→ WHAT IS BEING ASKED:
A verbatim reproduction of the lines below, from the line containing "V12 petrol engine." through the line containing "Red Carnations on", both ends included, is the whole required output.
DATA SUPPLIED START
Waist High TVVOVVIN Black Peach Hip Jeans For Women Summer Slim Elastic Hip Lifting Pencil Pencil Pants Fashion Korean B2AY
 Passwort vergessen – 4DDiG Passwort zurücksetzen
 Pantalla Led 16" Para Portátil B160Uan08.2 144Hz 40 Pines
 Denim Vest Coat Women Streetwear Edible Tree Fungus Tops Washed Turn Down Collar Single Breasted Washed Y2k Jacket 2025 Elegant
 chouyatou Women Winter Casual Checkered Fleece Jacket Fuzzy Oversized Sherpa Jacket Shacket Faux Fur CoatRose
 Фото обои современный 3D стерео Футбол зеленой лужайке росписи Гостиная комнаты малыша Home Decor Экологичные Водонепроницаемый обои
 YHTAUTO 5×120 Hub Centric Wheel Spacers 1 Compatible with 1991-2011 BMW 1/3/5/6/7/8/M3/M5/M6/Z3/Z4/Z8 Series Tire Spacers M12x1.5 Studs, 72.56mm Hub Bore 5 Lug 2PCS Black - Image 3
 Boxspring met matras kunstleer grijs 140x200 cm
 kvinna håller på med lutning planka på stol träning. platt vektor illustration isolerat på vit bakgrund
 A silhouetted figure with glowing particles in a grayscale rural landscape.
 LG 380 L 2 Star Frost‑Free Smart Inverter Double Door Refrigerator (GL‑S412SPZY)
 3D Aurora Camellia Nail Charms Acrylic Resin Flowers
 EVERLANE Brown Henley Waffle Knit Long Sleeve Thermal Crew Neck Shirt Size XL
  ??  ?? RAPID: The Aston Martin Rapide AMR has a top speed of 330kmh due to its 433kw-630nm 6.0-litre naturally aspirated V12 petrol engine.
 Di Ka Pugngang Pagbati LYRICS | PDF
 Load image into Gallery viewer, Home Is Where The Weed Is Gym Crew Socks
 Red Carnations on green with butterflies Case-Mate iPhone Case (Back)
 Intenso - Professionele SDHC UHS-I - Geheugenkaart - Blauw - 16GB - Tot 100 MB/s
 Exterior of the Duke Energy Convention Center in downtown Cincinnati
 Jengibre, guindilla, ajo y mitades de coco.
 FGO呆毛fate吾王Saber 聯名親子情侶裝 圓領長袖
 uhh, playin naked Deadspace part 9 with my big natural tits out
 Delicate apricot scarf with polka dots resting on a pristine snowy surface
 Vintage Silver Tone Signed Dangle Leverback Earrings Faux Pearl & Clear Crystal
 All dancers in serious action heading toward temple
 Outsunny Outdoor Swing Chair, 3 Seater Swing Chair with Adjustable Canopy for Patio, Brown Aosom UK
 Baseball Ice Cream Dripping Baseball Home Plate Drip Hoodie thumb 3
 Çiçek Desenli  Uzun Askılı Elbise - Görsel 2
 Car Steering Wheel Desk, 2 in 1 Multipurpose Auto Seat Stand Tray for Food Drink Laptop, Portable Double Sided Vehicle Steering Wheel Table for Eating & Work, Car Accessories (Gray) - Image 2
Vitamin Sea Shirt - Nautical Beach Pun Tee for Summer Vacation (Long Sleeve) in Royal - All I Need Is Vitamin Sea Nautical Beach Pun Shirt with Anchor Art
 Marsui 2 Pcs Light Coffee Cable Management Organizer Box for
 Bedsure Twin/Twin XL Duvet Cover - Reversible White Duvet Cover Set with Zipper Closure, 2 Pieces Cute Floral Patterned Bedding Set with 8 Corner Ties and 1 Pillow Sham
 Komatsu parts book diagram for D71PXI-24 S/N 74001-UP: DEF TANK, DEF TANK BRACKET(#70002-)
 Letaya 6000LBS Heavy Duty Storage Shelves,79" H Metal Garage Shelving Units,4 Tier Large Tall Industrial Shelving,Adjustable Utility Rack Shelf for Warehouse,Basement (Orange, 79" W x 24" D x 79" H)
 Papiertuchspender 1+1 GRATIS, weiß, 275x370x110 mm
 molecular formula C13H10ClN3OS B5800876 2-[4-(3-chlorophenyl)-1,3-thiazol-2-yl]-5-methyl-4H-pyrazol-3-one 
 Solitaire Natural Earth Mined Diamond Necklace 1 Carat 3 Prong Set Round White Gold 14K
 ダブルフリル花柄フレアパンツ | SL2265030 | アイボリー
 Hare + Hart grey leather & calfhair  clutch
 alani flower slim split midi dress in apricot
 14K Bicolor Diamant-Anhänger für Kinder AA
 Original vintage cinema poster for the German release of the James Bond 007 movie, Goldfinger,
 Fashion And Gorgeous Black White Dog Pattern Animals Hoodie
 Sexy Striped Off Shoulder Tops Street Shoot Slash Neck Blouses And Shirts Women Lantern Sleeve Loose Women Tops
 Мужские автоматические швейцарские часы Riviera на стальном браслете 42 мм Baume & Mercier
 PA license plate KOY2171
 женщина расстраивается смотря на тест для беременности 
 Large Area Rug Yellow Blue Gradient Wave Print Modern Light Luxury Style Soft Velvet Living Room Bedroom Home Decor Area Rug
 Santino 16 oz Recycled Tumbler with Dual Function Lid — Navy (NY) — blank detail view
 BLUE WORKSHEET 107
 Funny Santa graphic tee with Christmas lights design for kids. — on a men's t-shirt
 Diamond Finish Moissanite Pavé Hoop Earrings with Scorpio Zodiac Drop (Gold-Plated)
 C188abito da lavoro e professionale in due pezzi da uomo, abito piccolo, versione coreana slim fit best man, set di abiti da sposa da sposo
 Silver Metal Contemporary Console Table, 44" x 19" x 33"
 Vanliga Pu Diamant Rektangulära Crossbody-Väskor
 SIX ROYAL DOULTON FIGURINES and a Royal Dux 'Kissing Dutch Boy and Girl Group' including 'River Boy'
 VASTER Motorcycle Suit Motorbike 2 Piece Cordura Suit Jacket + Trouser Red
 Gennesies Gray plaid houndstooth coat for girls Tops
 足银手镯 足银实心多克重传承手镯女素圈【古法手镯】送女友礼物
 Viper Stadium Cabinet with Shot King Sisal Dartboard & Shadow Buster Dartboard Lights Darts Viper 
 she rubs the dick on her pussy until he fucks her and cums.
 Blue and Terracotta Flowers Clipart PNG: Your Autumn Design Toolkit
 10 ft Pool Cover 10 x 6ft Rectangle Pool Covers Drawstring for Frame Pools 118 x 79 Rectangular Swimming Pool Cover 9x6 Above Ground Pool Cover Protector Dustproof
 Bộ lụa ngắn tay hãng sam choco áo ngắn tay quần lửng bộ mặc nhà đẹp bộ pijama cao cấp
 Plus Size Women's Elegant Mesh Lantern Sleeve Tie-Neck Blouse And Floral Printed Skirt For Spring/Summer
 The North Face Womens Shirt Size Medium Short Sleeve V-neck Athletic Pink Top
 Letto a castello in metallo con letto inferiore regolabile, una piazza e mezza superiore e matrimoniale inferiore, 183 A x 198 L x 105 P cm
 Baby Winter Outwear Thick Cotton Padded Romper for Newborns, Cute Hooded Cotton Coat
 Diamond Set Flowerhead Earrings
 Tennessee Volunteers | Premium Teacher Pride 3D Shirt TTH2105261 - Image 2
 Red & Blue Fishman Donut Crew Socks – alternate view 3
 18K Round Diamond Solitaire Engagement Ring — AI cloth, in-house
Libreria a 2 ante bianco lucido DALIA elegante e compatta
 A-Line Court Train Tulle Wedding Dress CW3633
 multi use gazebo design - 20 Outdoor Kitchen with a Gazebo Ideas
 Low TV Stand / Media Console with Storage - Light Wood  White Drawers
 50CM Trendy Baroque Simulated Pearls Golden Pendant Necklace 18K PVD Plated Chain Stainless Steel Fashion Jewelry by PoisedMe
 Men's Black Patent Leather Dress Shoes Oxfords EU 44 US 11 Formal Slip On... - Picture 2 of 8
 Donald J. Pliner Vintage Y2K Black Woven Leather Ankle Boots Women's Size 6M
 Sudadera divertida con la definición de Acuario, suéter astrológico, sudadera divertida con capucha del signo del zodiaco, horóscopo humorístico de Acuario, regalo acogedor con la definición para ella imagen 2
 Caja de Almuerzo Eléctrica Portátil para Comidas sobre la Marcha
DATA SUPPLIED END
→ RESULT OF THE EXERCISE:
  ??  ?? RAPID: The Aston Martin Rapide AMR has a top speed of 330kmh due to its 433kw-630nm 6.0-litre naturally aspirated V12 petrol engine.
 Di Ka Pugngang Pagbati LYRICS | PDF
 Load image into Gallery viewer, Home Is Where The Weed Is Gym Crew Socks
 Red Carnations on green with butterflies Case-Mate iPhone Case (Back)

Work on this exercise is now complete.